Instructions
Making the Box Frame
- Lay the object down on the work surface. As you form the initial square frame outline (in step 2), lay it around your object to make sure the height and width will hold your object. You can build in as much or as little space as you want for your object to move around, but due to the nature of the wrapping, the bottom crossbars and the top arms need to be similar lengths to each other (i.e., you can’t make a wide flat rectangle).
- Use wire cutters to flush trim the tips of the 22-gauge wire. Use chain-nose pliers to form a 90°angle about 3-1⁄2" (8.9 cm) from one end. Bend another 90° angle about 5⁄8" (1.5 cm) away from the first bend so the sides are parallel (see photo). Straighten the sides with your fingers. In general, keep pulling the wire straight with each bend.

- About 1" (2.5 cm) up each side, use chain-nose pliers to bend the wires towards each other at 90° angles to block out a rectangle (see photo). Your object needs to fit within this outline, so adjust measurements if needed.

- Bend the short tail straight up at a 90° angle from the center of the top edge to form a stem (see photo). The distance from the top rectangle corner to this stem is what we refer to as the top arm length; there will be four of these.

- Use chain-nose pliers to hold the long wire where it crosses the stem, creating the second arm (see photo). Form a 90° angle that sits perpendicular to the stem.

- Holding the chain-nose pliers at the top arm-length distance, bend another 90° angle in the long wire so it points straight down to form the third side (see photo). Try to make this top edge arm about same length as the two others.

- Use chain-nose pliers to bend the long wire at a 90° angle so it crosses under the rectangle frame (see photo). Try to get these bottom wires to touch if possible.

- Use chain-nose pliers to bend the wire at a 90° angle so it’s pointing up towards the top again (see photo). Try to make the bottom cross bars the same length.

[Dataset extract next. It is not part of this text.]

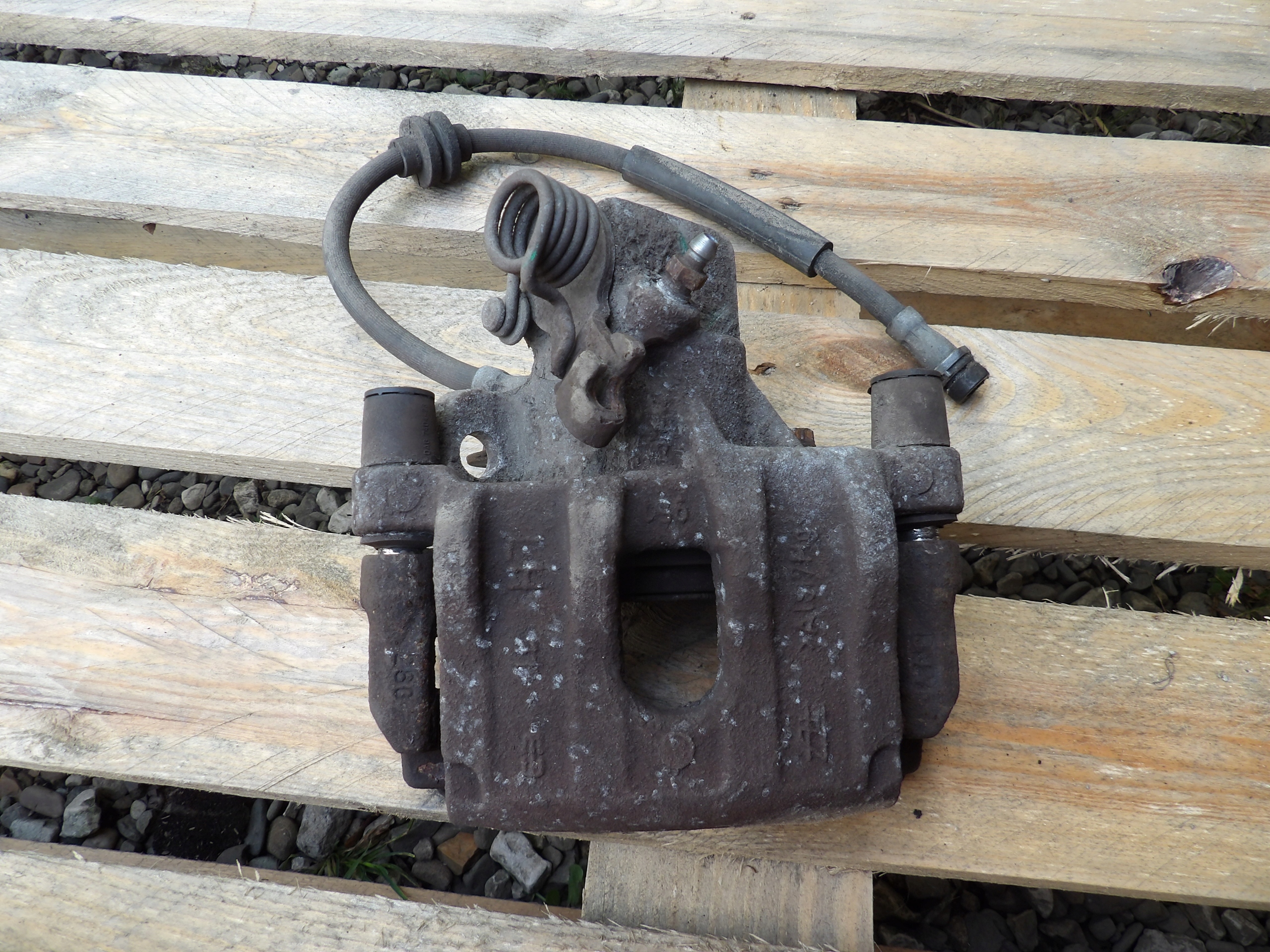 FORD KUGA MK2 2.0 TDCI 4X4 caliper brake left rear part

- Straighten the side and bend the wire at a 90° angle towards the stem to form the fourth top arm. Form the bend so the wire hits the stem above the first wire you bent around the stem (the third arm) in step 3.
- Use chain-nose pliers to firmly hold the wire in position at the point where it meets the stem. Coil the long end snugly around the stem, using chain-nose pliers to tighten the coil after the first wrap, and then coil twice more. Use wire cutters to flush cut the wire and use chain-nose pliers to tuck in the tail (see photo).

Wrapping the Box
- Use wire cutters to flush cut 24" (61 cm) of 26-gauge wire. Starting at the bottom of the box, leave a short tail and wrap the wire diagonally at the crossing point of the two cross bars to secure them together (see photo).

- Use wire cutters to flush cut the tail and use chain-nose pliers to tuck it to the inside.
- Establish the bottom center of the box by wrapping the wire over and once around each rib (see photo). Support and hold the frame by putting a finger inside if possible; try not to squeeze the ribs from the outside or the frame will distort. Hold the point where the wrapping wire crosses the rib and pull the wrapping wire tightly around each rib, lining up the wraps closely.

- As the center grows to about the midpoint of the bottom crossbars, start to open up the wrapping and occasionally thread a bead onto the wire between wraps. Still pull the wrapping wire tight, but space the wraps away from each other by holding the wire as you wrap around the rib. Note: Keep sliding the crossbars so they are centered. If one bar becomes a lot longer, make a double coil around that rib to keep the wrapping fairly even to the corners.
- Wrap the bottom until each corner is covered. Leave the wrapping wire dangling.
- Coil the end of the remaining 26-gauge wire tightly around one of the top arms. Choose a long arm and one that is in a low position compared to the others. Be sure to coil the wire so that the working end will be wrapping in the opposite direction as the bottom wrapping wire when looking down from the top (see photo).

- Use wire cutters to flush cut the tail and use chain-nose pliers to tuck it to the inside.
- Wrap the top in the same way as the bottom, starting tight and then opening up (see photo). Wrap in an open manner and occasionally thread beads onto the wrapping wire to the corners and then down the sides one or two times around the form.

- Your object should still fit easily through the openings, so now wrap one or two times around the box with the bottom wrapping wire, adding beads as desired, making sure your object can still fit inside (see photo).

- When there’s just enough room to fit your object, pop it inside the box. Be sure to block the large unwrapped openings with your fingers so the object doesn’t fall out. Continue wrapping with the bottom wire to the midpoint, and then wrap with the top wire to the midpoint, threading beads onto the wire for some of the wraps.
- End the wrapping wires by coiling them tightly around a rib. Use wire cutters to flush cut the tails and use chain-nose pliers to tuck them to the inside.
Finishing Up
- Adjust the spacing of the wrapping wires and use chain-nose pliers to add kinks as desired. Choose the side that you want to face front and bend the top stem at a 90° angle facing that side. Use wire cutters to flush cut the stem wire to loop length and use round-nose pliers to form a simple loop.
- Pass the ribbon through the loop and trim to desired length. Finish the ribbon ends with foldover crimps. Add a clasp with jump rings.
Ideas for Variations
Try different straps other than ribbon to change the style of this necklace. If you like the look of chain but want to keep the delicate open wrap look of the cube, try using multiple strands of a delicate chain.
The variation shown uses three strands and joins the chain to the clasp with wrapped loops and beads that coordinate with the captured object.
Ready to experiment? Try enclosing found objects in cages of different sizes and shapes. Vary the wrapping technique to hide or reveal certain parts of the object.